The roughly 900 independent cable operators represented by the American Cable Association are encouraged by many of the provisions in the proposed Senate Telecommunications Bill, S. 2686. But its members will be even more encouraged if the Senate addresses problems caused by the unintended consequences of prior broadcast carriage legislation.
The bill seeks to create a level playing field for cable operators, who have been serving their communities for years, and new entrants — the Bell companies. Parity is good. Like services should be treated alike. Local franchise control is better, but if the Senate revises current franchise rules it should ensure that no community is left behind because of race or economic status. New entrants should not get a free ride to choose the communities they want to serve.
One key provision of the bill is a necessity for smaller cable companies to enter the voice business: Interconnection rights. It is imperative for independent operators to be able to port numbers over from prior communications suppliers. Being able to offer customers the ability to keep their existing phone number is an important convenience and incentive to try our service.

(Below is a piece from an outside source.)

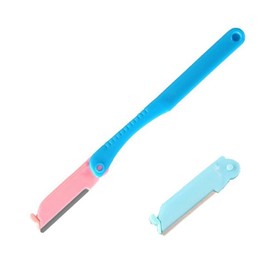 (Foldable Eyebrow Razor) Portable Eyebrow Trimmer Eyebrow Shaver Corrector / (접이형 눈썹칼) 휴대용 눈썹정리칼 눈썹 면도기 수정칼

Another key is the ability to provide customers with analog television sets a “down-converted” digital signal for broadcast television, even after broadcasters convert to digital transmission. As a cable company with several small head-ends, we cannot right now afford the equipment necessary to provide analog-TV customers with a digital broadcast signal and converter set-top box. Without down-conversion, millions of people will lose access to broadcast television signals after the transition date in February 2009.
Our MSO, New Wave Communications, has invested $14 million and plans to invest another $18 million to build broadband networks in rural areas and provide our customers with the best internet experience available. If private companies like Google and Microsoft are given unfettered access to our networks, it will mean slower speeds at higher prices for our consumers. Giving the FCC the right to monitor broadband providers is the right approach to this issue.
The issue that has the most impact on a cable operator’s business — retransmission consent and the tying and bundling of content — is missing from this legislation. Through such tying and bundling, broadcast groups and media conglomerates have effectively taken over my video pipe by saying they’ll withhold their signal, creating havoc for customers.
By government fiat given to the broadcasters, customers are forced to pay for ever-increasing retransmission consent demands while also being forced to take cable networks they don’t want, all for the right to receive free over-the-air TV. If the Senate does not address retransmission consent, then two things are a given: One, basic and expanded basic cable rates will rise and rise. Two, more and more unwanted, and often indecent, programming will be shoved onto consumers — and they will be given no choice.
The Senate bill is a good starting point. However, to ensure consumers in smaller markets and rural America receive the best in voice, video and data from cable, the Senate must tackle the issue of retransmission consent.